2. Since I don't have access to Proxmox I can't double check this, but I believe OPNSense LAN is connected to vmbr0 and WAN is connected to vmbr1. Proxmox is also connected to vmbr0.

How would I be able to diagnose if there is a IP collision or broadcast storm? Pings are reaching 10.0.0.7. 10.0.0.7 is seemingly reaching out to NTP. I have connectivity through the AP to the internet.

[meyergru]

I can only repeat that if your topology matches what you have depicted, OpnSense does not effectively regulate traffic to your Proxmox. It is (or better: should be) directly connected to vmbr0, so nothing keeps it from being accessed. And it seems so, since you can ping it.

At this point, I only have those ideas:

If you have access to your proxmox console, you can check its network settings, you can also start and stop VMs to see if OpnSense causes the problem. You can also check if the Proxmox GUI is running (if not, it would explain why you can ping but not get at the GUI). BTW: There was someone who said that switching the browser suddenly made it work.
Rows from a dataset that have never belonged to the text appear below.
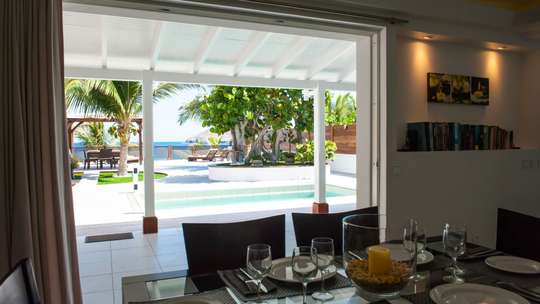 Alfresco Dining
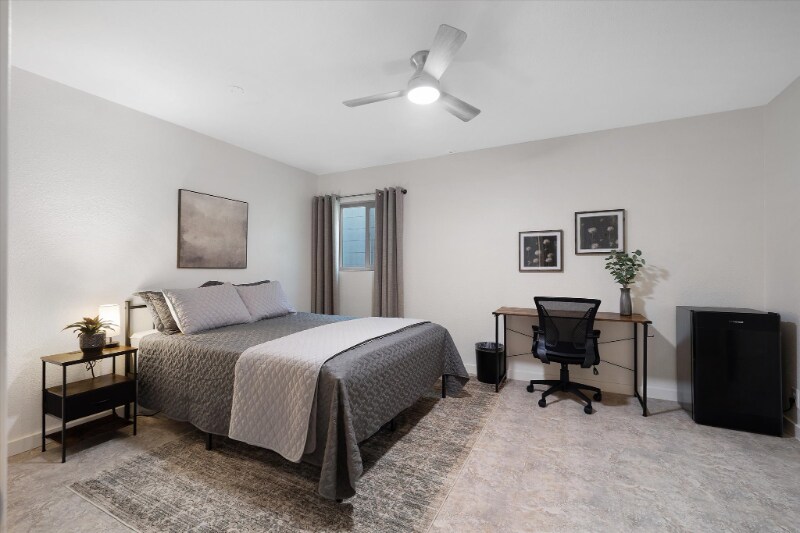 Foto principal - 334 W Horseshoe Ave
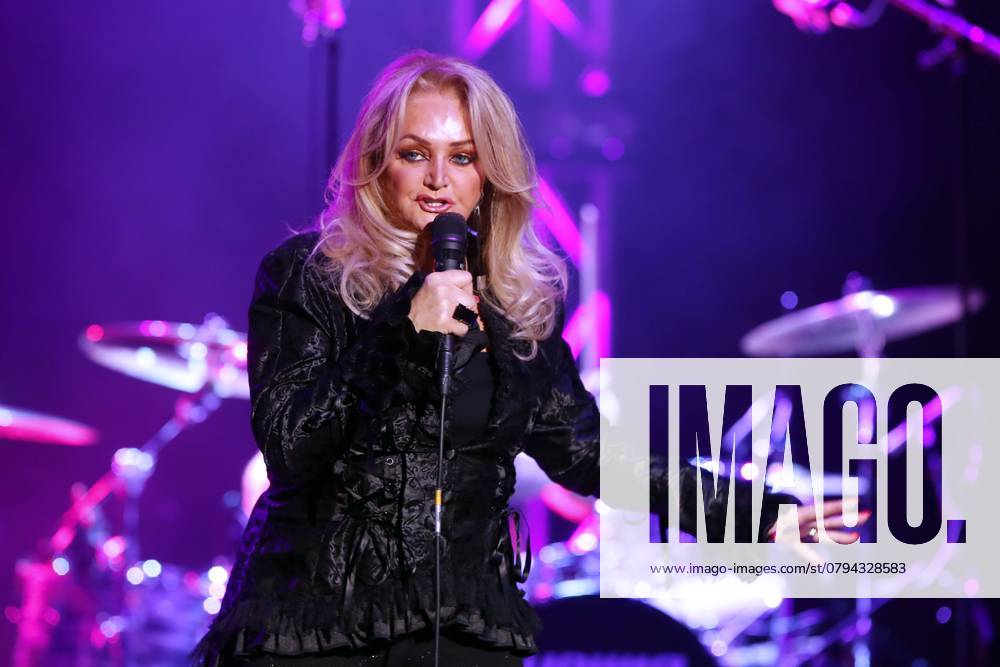 Bonnie Tyler, Saengerin, im Konzert im Admiralspalast in Berlin, Musik, Pop, Berlin Deutschland, Germany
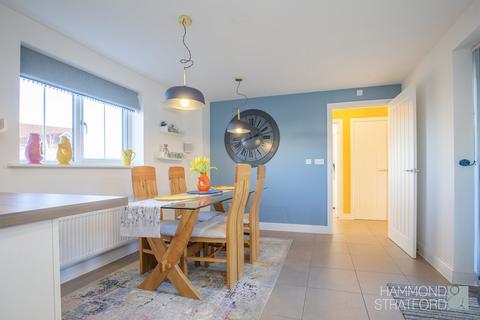 19 Bartram Close, Hethersett, Norwich, NR9 3FX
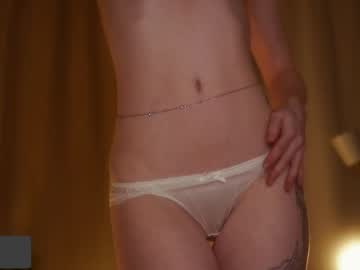 girl
        lizzy_blaze cam image #6484936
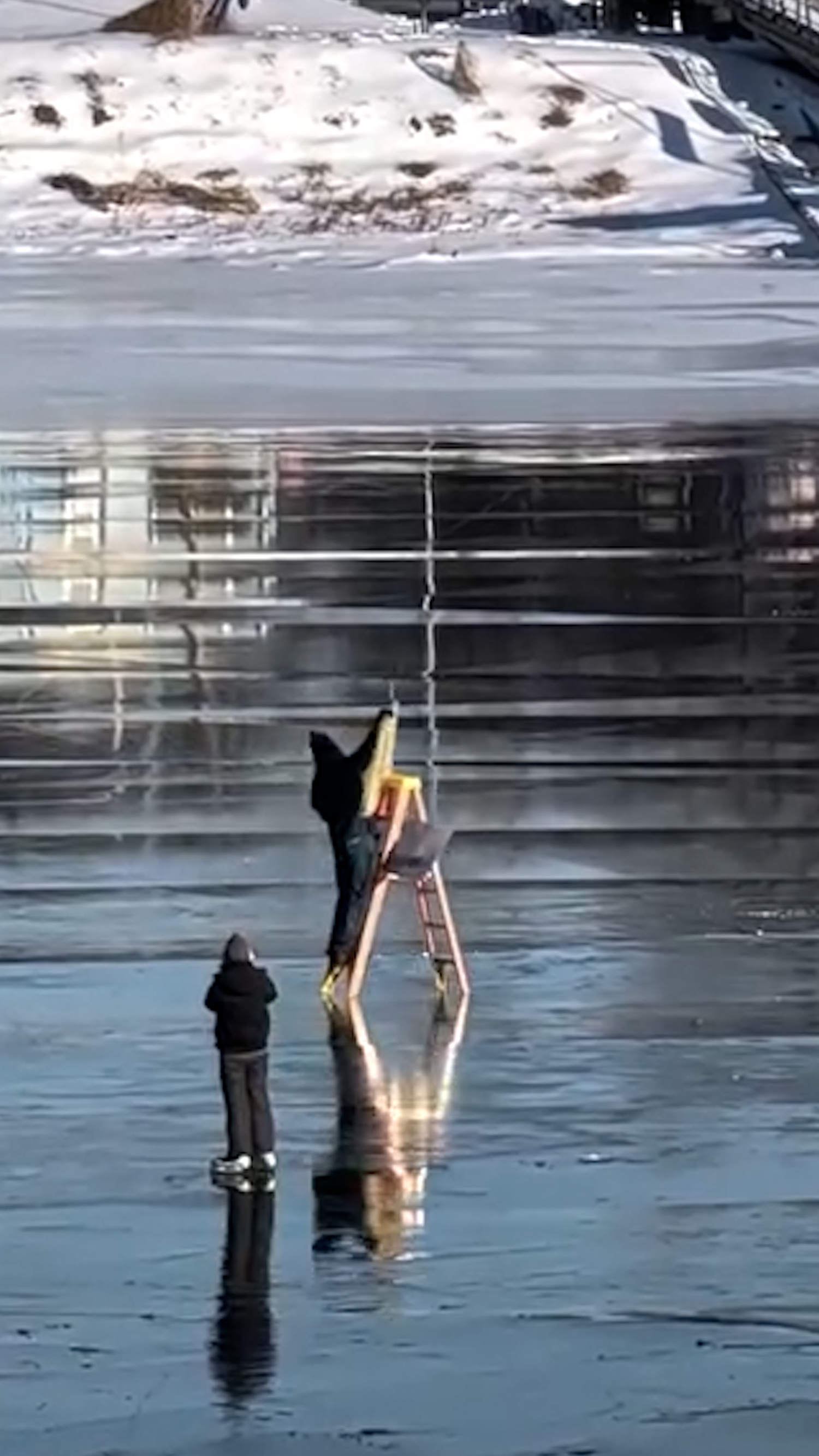 Man appears to 'sail' on frozen Potomac River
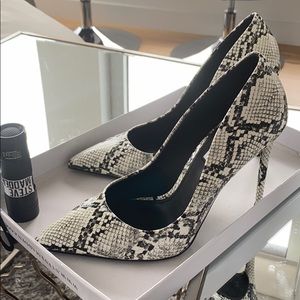 Steve Madden Brand New Snakeskin Heels size 7.5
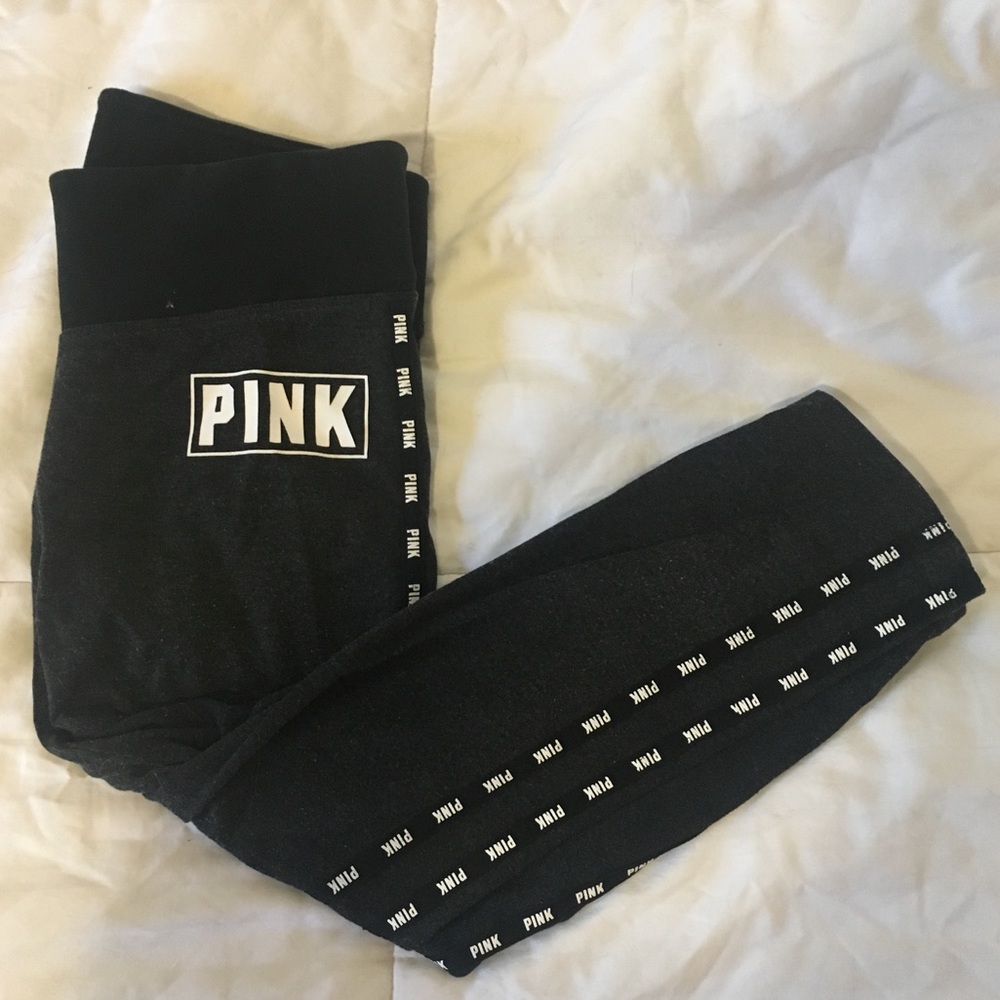 VS PINK Crop Leggings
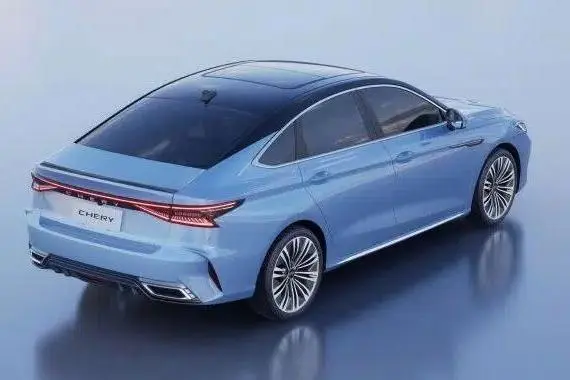 فونیکس  آریزو 8 (Z8)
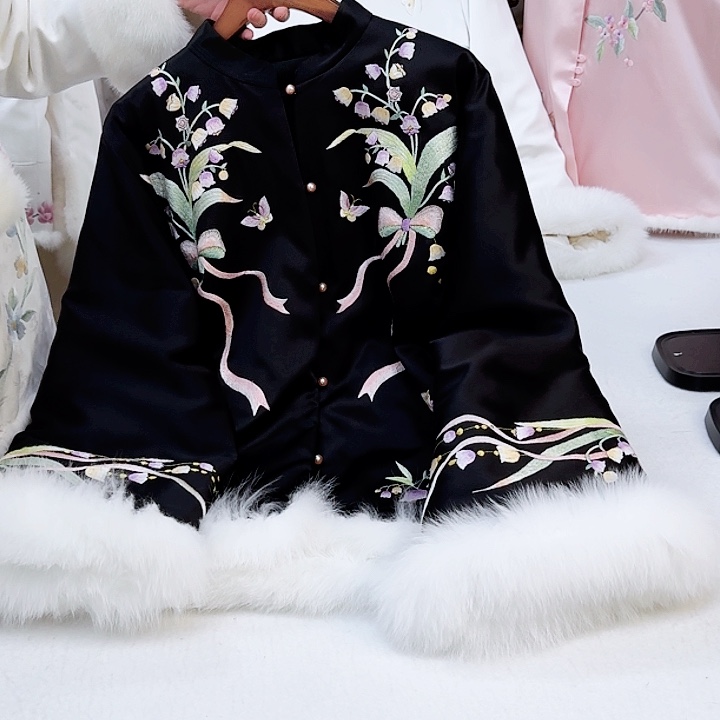 织绣黑色桑蚕丝冬款上衣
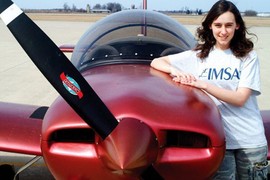 Novi Ajnštajn je devojčica od 14 godina: Sama sastavila ceo avion i letela njime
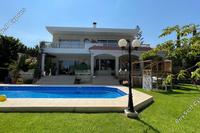 5 Bedroom Detached house · Agios Tychonas (Limassol) for sale 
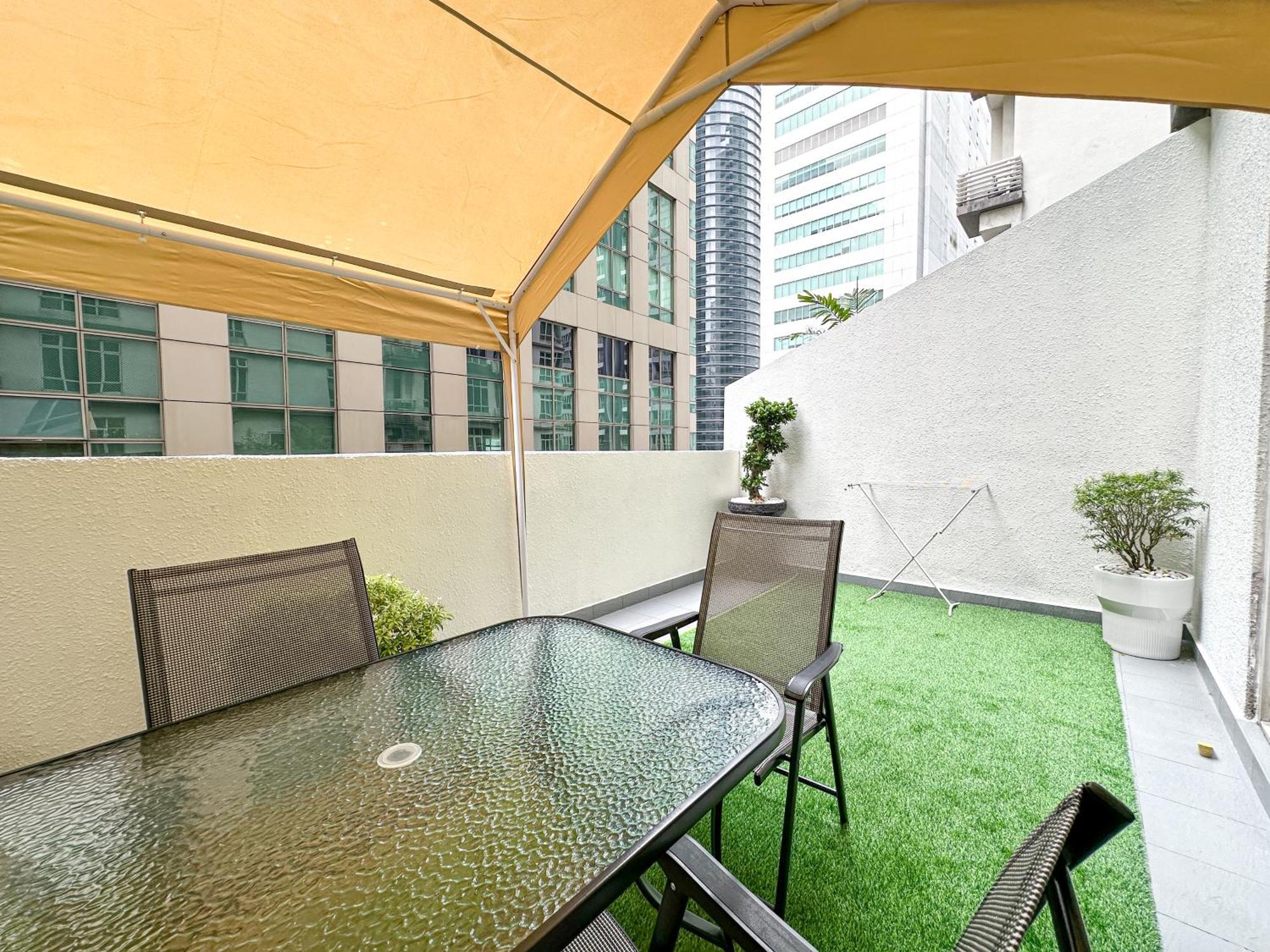 Klcc Suites By Nhb Kuala Lumpur Buitenkant foto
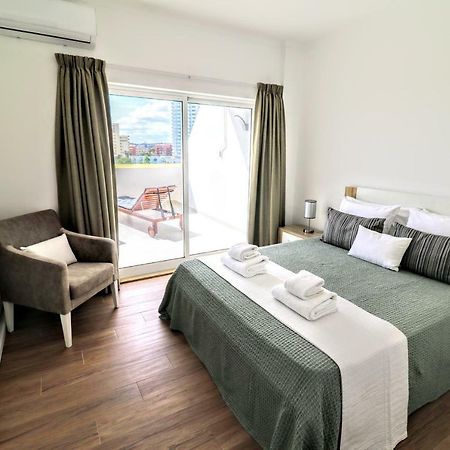 By The Sea - Sea View Torres Apartment ปอร์ติเมา ภายนอก รูปภาพ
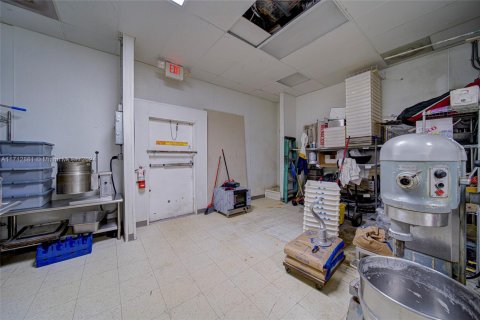 Commercial property in North Miami Beach, Florida № 1464852 - photo 11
You also seem to have OpnSense access, so what method does it use to access internet via WAN? DHCP? PPPoE? Does it get a routeable IP or something in RFC1918?

You have switched physical eth1/eth0 and vmbr0/vmbr1, are you sure that this is correct - also in the VM?

[whiteoak]

Brilliant! I forgot I can get to console by plugging in to HDMI. The proxmox address was 10.0.0.7/24(!) and my laptop was getting a 10.0.128.x address via DHCP. I set a 1.0.0.x static IP on my laptop and can reach the UI now. Thank you getting me unstuck with this, meyergru.

I'm interested to learn a bit more what's going on here. So was it Proxmox dropping the connection or OPNSense? And why would OPNSense show matches to the default deny, but it the case where I added an explicit block to Proxmox, it would show that one as matching?

[meyergru]

Proxmox dropped it because it thinks the IP is not within its subnet (which is correct). Since it did not react to the ARP requests, I think that OpnSense just saw the request and logged it - probably, because the request was not answered via ARP, it got directed to the default gateway (OpnSense in this case).

[whiteoak]

Thanks again for your help and time.